Twitter acquisition confirms that curation is the future

Twitter made an interesting acquisition on Thursday, when it bought a young Canadian startup called Summify, a company whose service (as its name implies) was designed to cut through the noise of all those social-media streams and summarize the content that matters. More than anything, this is perhaps the single biggest hole that exists not just in Twitter but Facebook and other services as well: the need to give users more ways of filtering the massive amounts of information that keep flooding their activity streams and other social-media inboxes. There are so many ways of producing and sharing content but so few good ways of filtering.
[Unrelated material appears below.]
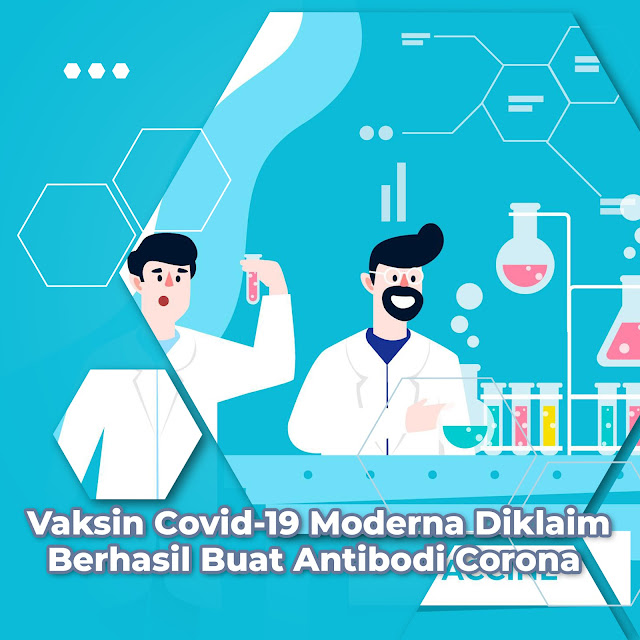 Vaksin Moderna DIklaim Berhasil Buat Antibodi Corona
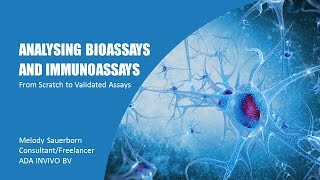 WEBINAR Assay Development – From Scratch to Validated Assays [upl. by Annasiul]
As has been reported elsewhere, Summify says it’s mothballing its service (a decision that was not received warmly by many users), and the team of five will join the growing ranks at Twitter’s new headquarters. The two co-founders, who are originally from Romania, moved to Vancouver, B.C. when they were accepted into an incubator program called Bootup Labs and later received angel funding (according to one report, a Summify investor posted a message that suggested the Twitter acquisition was an all-stock transaction, but the tweet was later deleted). Like some other services such as News.me, Summify filtered a user’s activity streams, then used an algorithm to produce a daily email with links to the most-shared content in their social networks.

While the service is being closed down, it seems fairly obvious that Twitter bought the company to try to incorporate that kind of semantic filtering into its offerings — likely by beefing up its new “Discover” tab, which uses trending topics and other features to try and suggest interesting content to users. As it exists now, the Discover option isn’t very comprehensive or well-organized, and it makes sense for Twitter to try to do that better. One of the service’s challenges has always been to figure out how to keep new users engaged, since it isn’t clear to many what exactly Twitter is for.

As we’ve described before, the need for that kind of curation — whether human-driven or algorithmic, or a combination of both — is hardly unique to Twitter. Facebook also suffers from an information overload problem, one likely to be exacerbated by the launch of hundreds of new “social sharing” apps that will fill users’ feeds with oceans of “news” about things their friends and acquaintances bought or read or ate. Even Google hasn’t been able to solve the information-overload problem, despite its launch of Circles for its Google+ network: a feature many find cumbersome.

In some ways, services like Summify seem like a throwback to the early days of the web, when people wrote blogs that consisted solely of half a dozen links to interesting posts or news articles or websites. In fact, one of the earliest examples of a blog — Jorn Barger’s site Robot Wisdom, which he called a weblog and later shortened to “blog” — was exactly that, and the tradition continues today with link-blogs such as Kottke.org or Brainpickings. The principle is the same as it was when Barger started doing it: to filter the massive amounts of information on the web in some usable way, to make sense of the flood.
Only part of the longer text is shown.